It was reported in the news last year that we should read the Bible not as history but as allegory. Think, The Lord of the Rings by Tolkien and, less, Mary Beard’s Ancient History of Rome.
Why? Because the fourth century African-born Italian bishop Fortunatianus of Aquileia read the Bible that way. This shows that early Christians understood the Bible allegorically, claimed Dr Hugh Houghton of Birmingham University.
Do we need to rethink our reading of the Bible considering this new research?
Some early Christians certainly did read the Bible allegorically. Medieval mystics had a soft spot for such readings (along with horse hair vests, apparently). Metaphor and stories are found in the Bible, like the parables of Jesus.
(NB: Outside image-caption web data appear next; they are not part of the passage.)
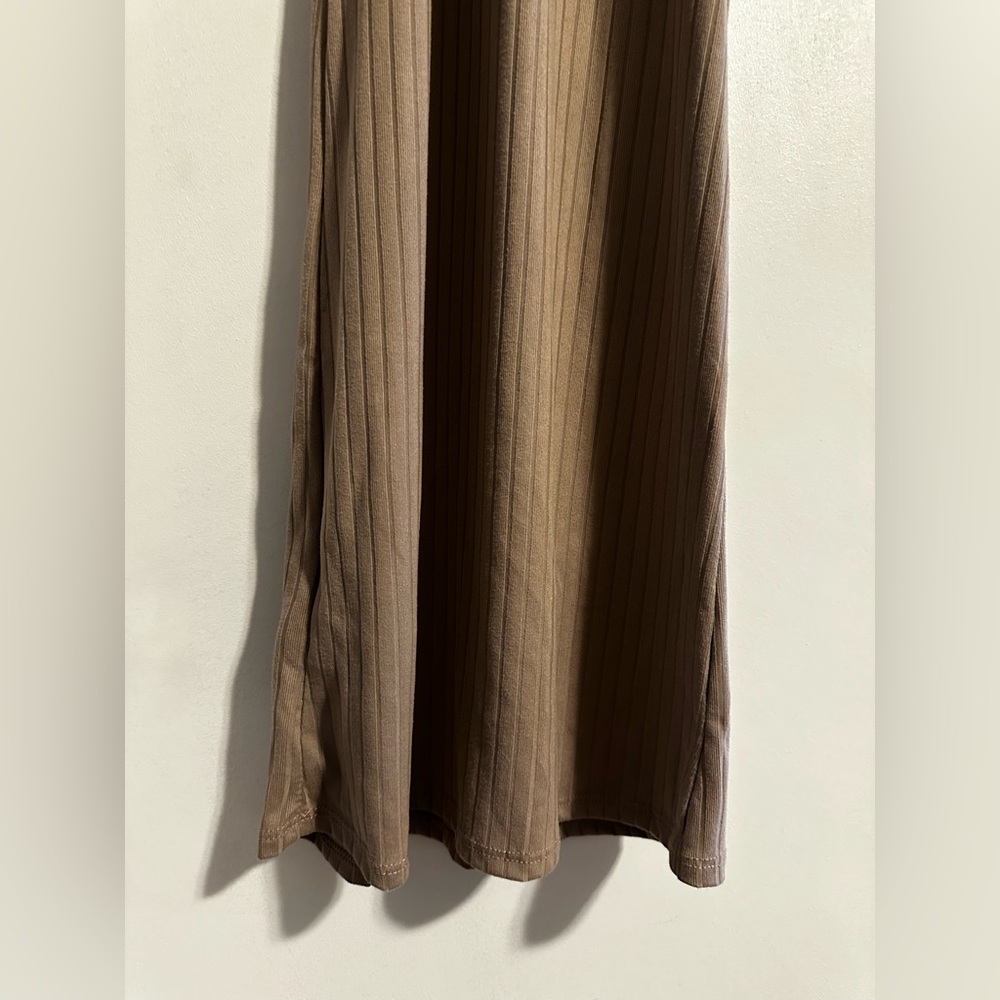 BUCKETLIST - Ribbed Midi - Picture 8 of 8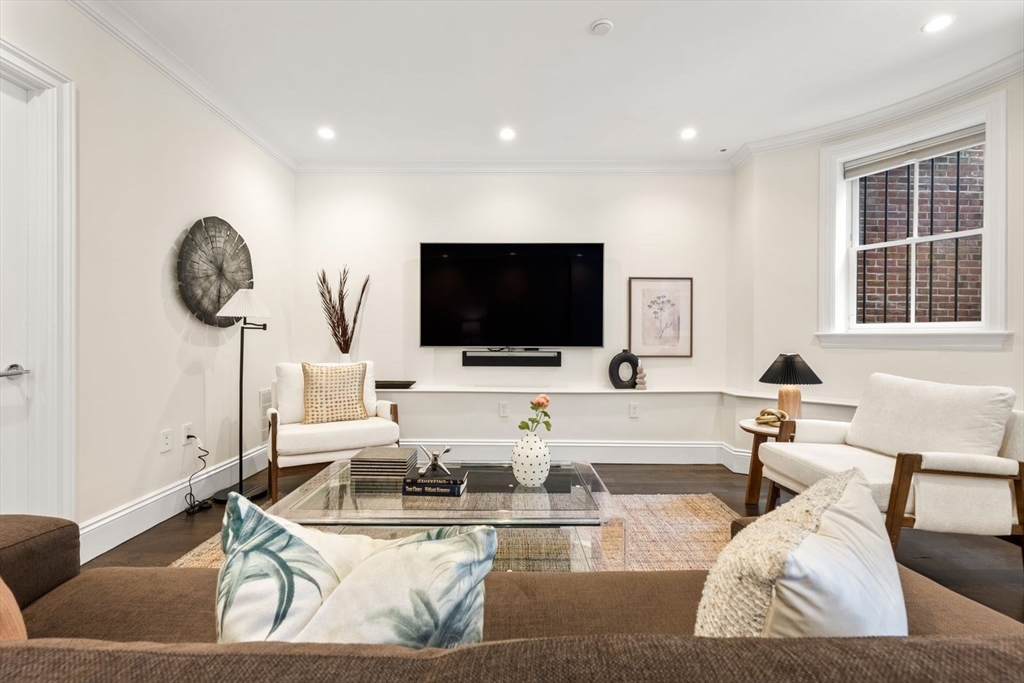 6 Claremont Park #1, Boston, MA Photo #24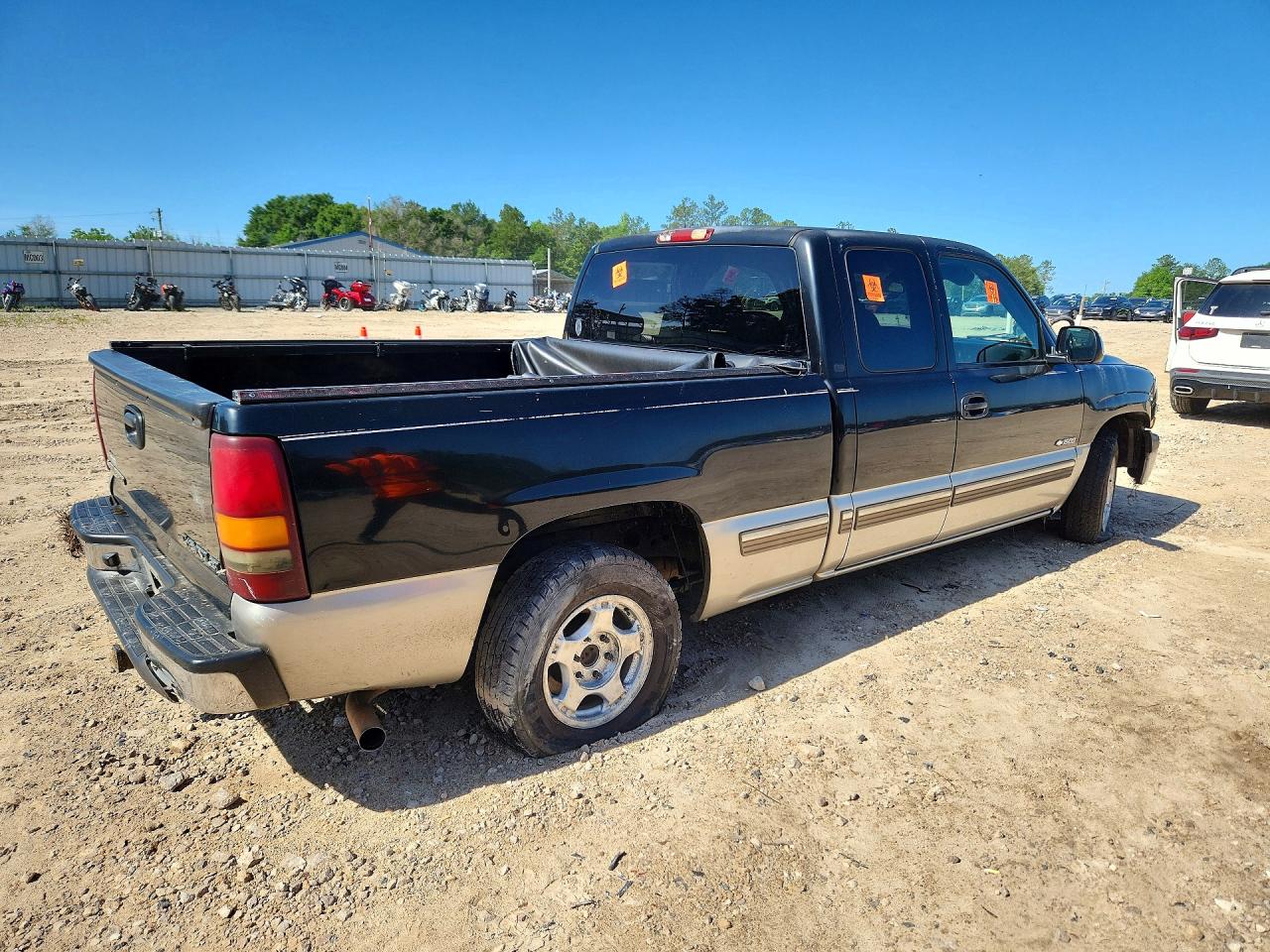 Chevrolet Silverado C1500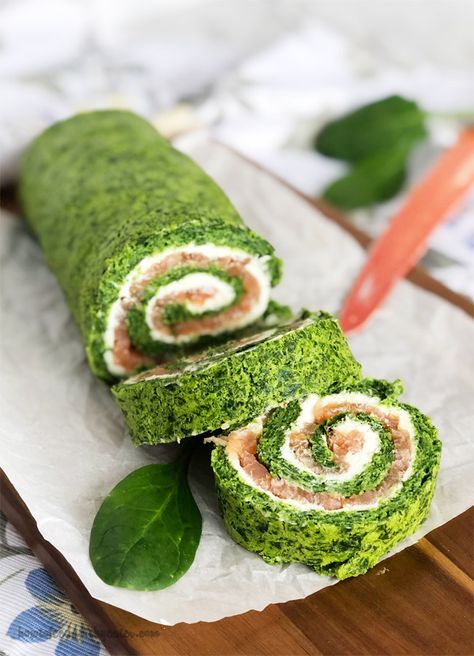 This colorful and delicious appetizer starts with a quick spinach cake, creamy filling and smoked salmon. Simple and easy, it can be made ahead of time and it’s perfect for any occasion. Salmon Roulade, Spinach Cake, Terrine Recipe, Spinach Rolls, Salmon Roll, Salmon Spinach, Smoked Salmon Recipes, Raw Vegan Desserts, Gourmet Breakfast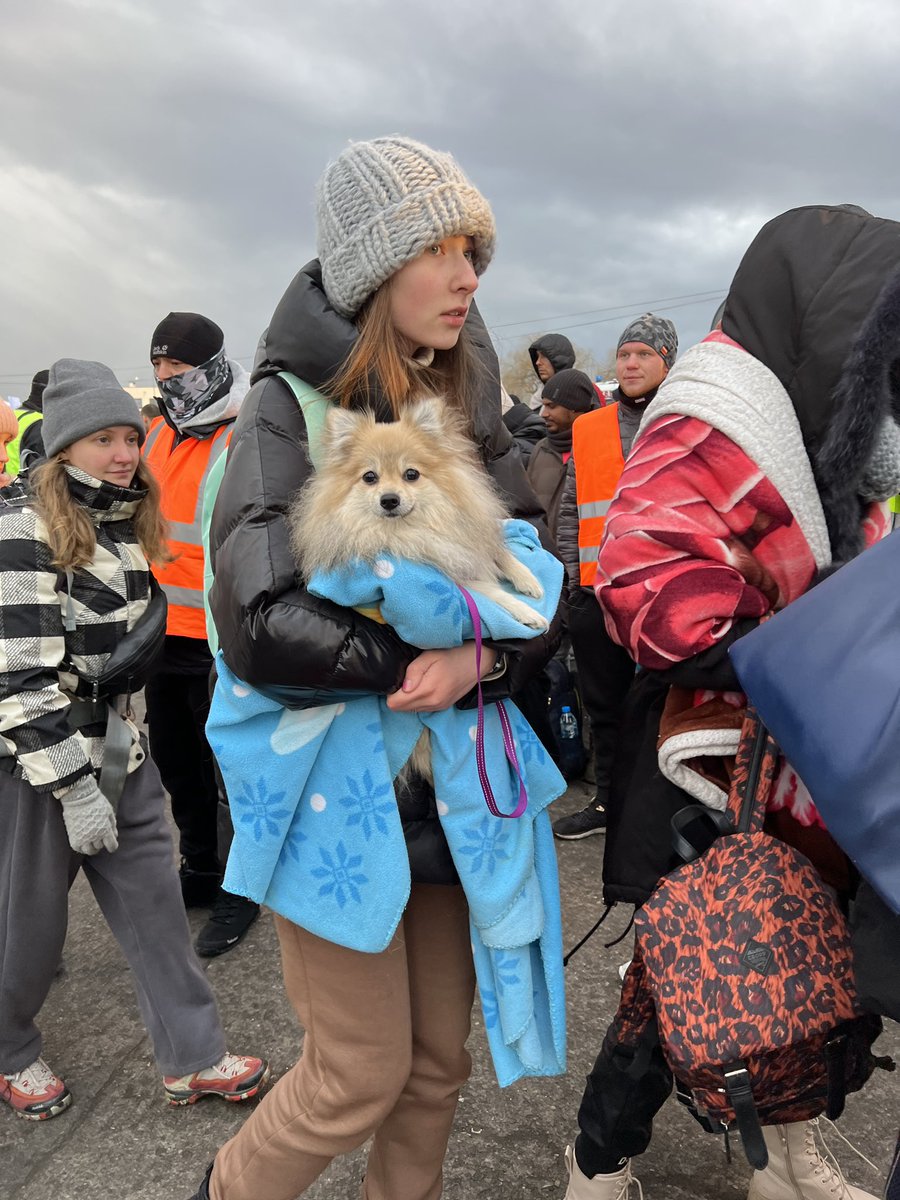 Long lines of #Ukraine refugees at the Mydeka border crossing in #Poland. Hundreds of women, young children and pets arriving at the moment. Volunteers are desperate for more donations of food, water and clothes 🇺🇦 🇵🇱 <a href="/GMB/">Good Morning Britain</a>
There are also poetic books in the Bible, like the Song of Songs, and collections of ‘Wisdom’ sayings, like Proverbs, which teach truth but are not recounting historical events.
But, as many scholars have argued, Jesus did treat the Bible’s account of past events as being historically accurate. You can see this in his references to the Queen of Sheba, Elijah, Noah and Sodom from the Old Testament, for example (Matthew 12:42, Luke 4:25-26, Luke 17:26-29). Jesus corrected the religious scholars of his day who “diligently studied” the Bible but misread it (John 5:39-40).
The writer of Luke’s gospel in the Bible gives some large clues as to how this writing should be understood. He starts by stating that his account has been “carefully investigated” from “eye-witnesses” so that “you may know the certainty of the things you have been taught” about Jesus Christ (Luke 1:1-4). That suggests that the gospels were intended to be read less as The Lord of the Rings and more as a biography of the Lord of Life, despite what some may say today.
When faced with the claims of this new scholarship, we need to ask whether Jesus and his apostles provide a better clue to understanding the Bible or an Italian Bishop who lived three centuries afterwards.